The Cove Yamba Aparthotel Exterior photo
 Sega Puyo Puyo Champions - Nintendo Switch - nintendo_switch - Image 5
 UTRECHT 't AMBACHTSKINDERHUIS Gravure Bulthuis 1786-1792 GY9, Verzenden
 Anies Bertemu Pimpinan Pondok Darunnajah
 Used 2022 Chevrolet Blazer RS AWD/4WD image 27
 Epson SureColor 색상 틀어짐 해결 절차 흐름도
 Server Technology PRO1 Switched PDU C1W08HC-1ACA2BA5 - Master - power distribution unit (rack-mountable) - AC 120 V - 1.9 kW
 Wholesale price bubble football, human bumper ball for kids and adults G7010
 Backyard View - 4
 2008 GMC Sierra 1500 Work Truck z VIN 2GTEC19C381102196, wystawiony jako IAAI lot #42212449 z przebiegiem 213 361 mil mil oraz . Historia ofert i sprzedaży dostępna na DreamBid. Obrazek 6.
____
Write out only those lines that fall between the one containing "Wholesale price bubble" and the end of the entries, the first and last included, exactly as they read.

 Wholesale price bubble football, human bumper ball for kids and adults G7010
 Backyard View - 4
 2008 GMC Sierra 1500 Work Truck z VIN 2GTEC19C381102196, wystawiony jako IAAI lot #42212449 z przebiegiem 213 361 mil mil oraz . Historia ofert i sprzedaży dostępna na DreamBid. Obrazek 6.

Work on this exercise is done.